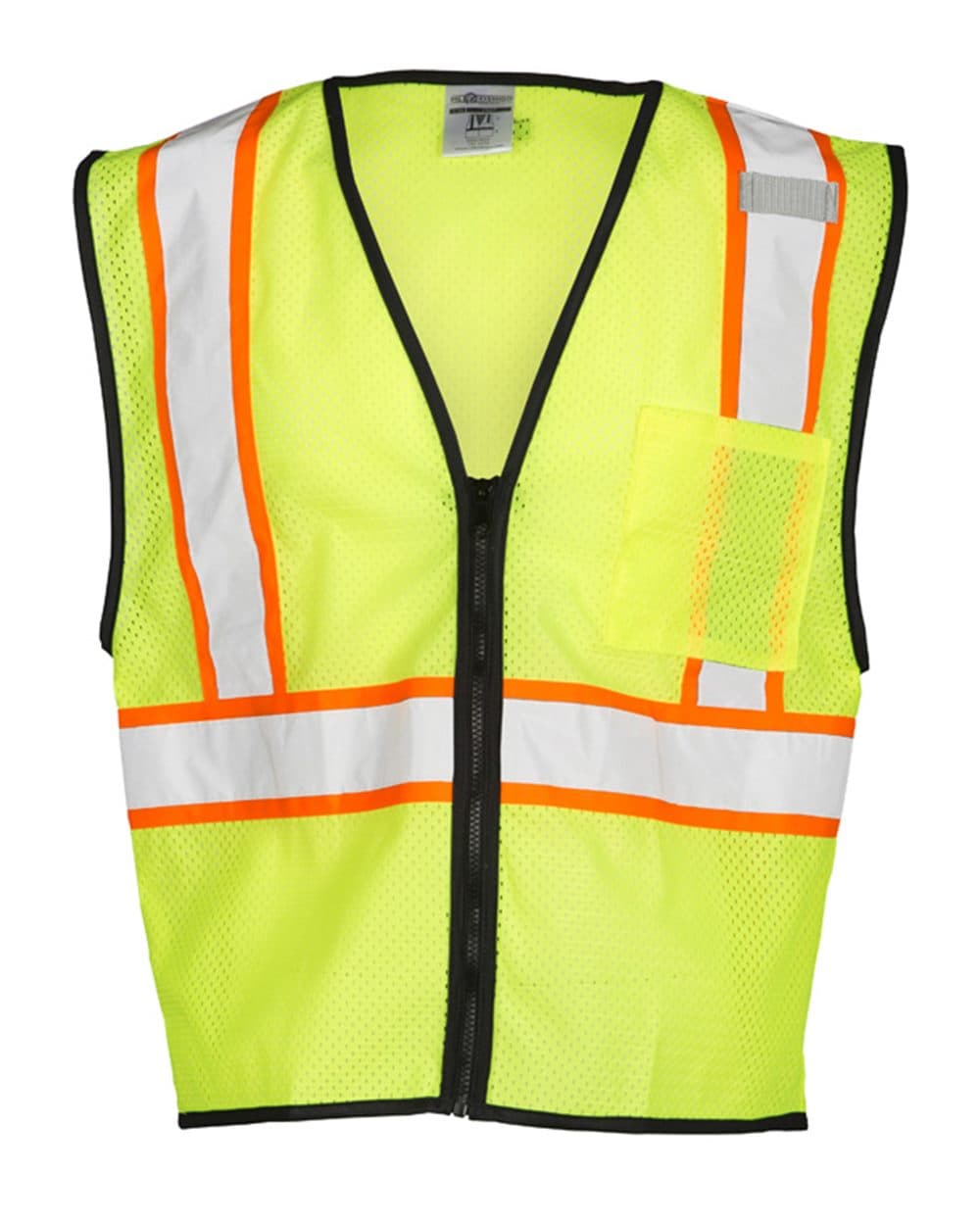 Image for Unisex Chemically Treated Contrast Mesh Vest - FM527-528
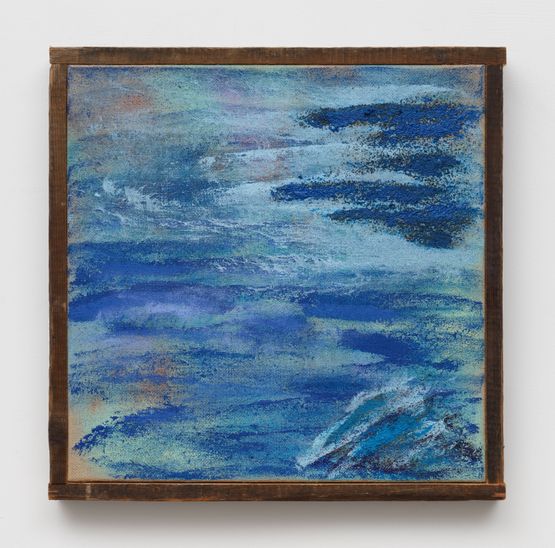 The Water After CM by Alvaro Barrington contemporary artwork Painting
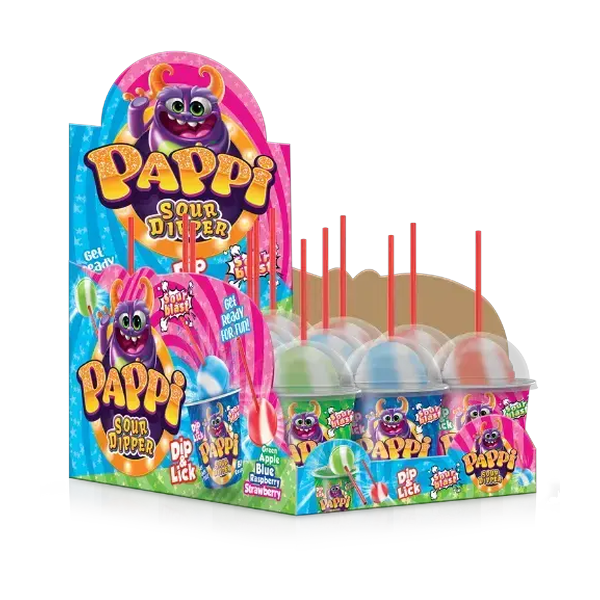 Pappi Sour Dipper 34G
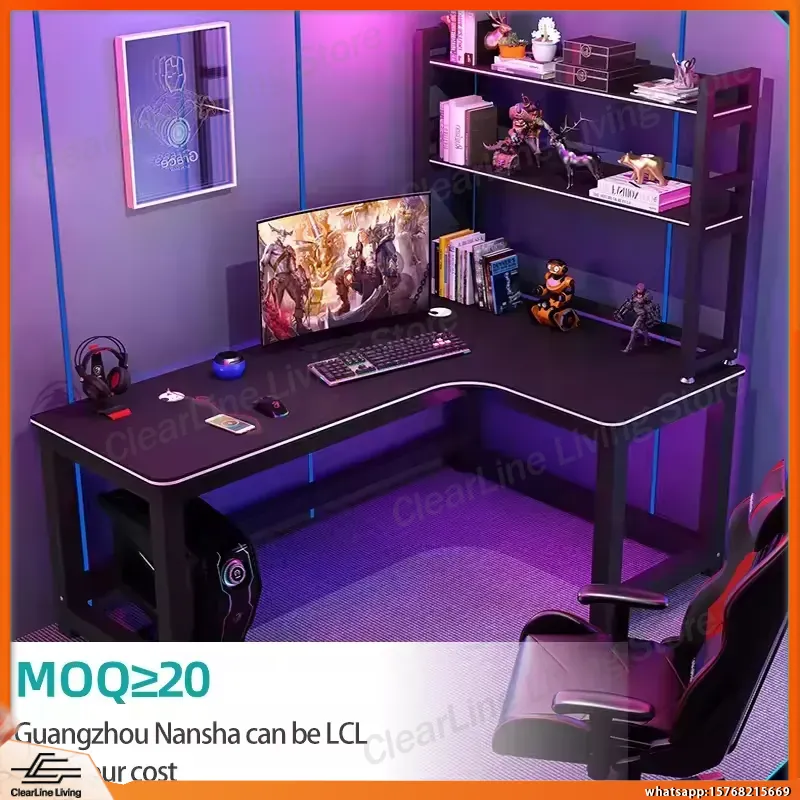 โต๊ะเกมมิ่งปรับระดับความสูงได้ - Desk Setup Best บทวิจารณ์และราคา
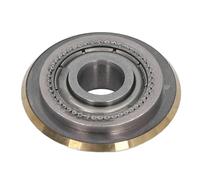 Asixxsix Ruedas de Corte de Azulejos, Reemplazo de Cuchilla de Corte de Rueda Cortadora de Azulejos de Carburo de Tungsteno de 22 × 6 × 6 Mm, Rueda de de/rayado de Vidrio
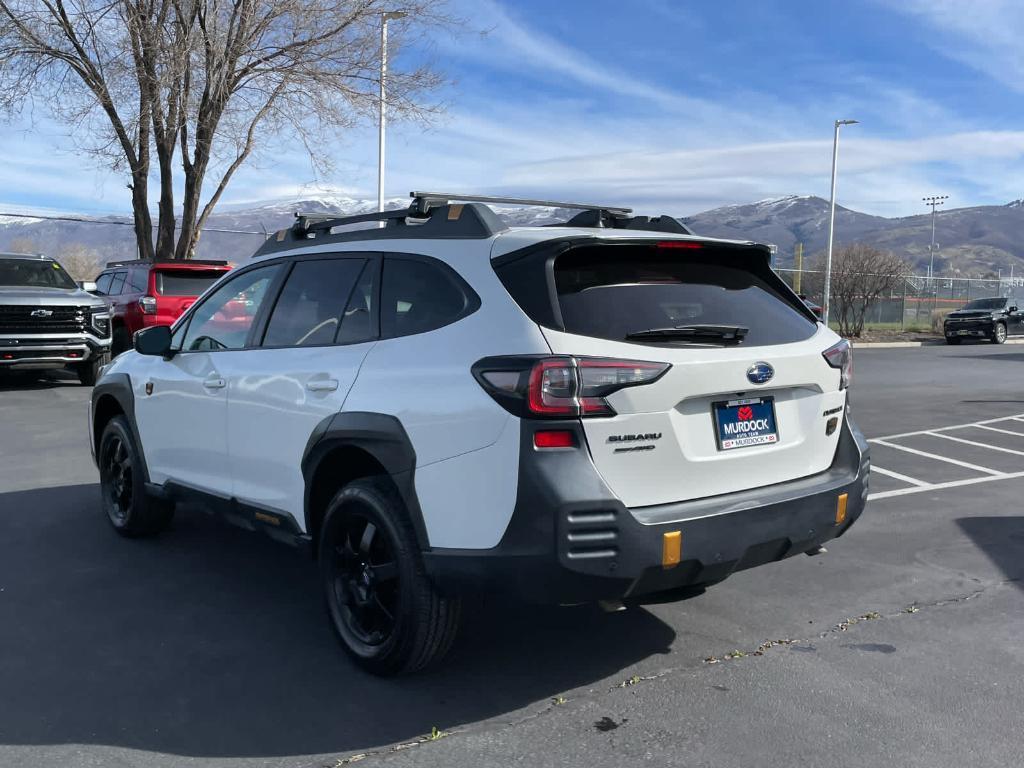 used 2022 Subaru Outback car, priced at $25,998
------------------------------------------------------------------------
Make an exact copy of all the material, but keep the pictures out of it.

• **Answer box**:
 Image for Unisex Chemically Treated Contrast Mesh Vest - FM527-528
 The Water After CM by Alvaro Barrington contemporary artwork Painting
 Pappi Sour Dipper 34G
 โต๊ะเกมมิ่งปรับระดับความสูงได้ - Desk Setup Best บทวิจารณ์และราคา
 Asixxsix Ruedas de Corte de Azulejos, Reemplazo de Cuchilla de Corte de Rueda Cortadora de Azulejos de Carburo de Tungsteno de 22 × 6 × 6 Mm, Rueda de de/rayado de Vidrio
 used 2022 Subaru Outback car, priced at $25,998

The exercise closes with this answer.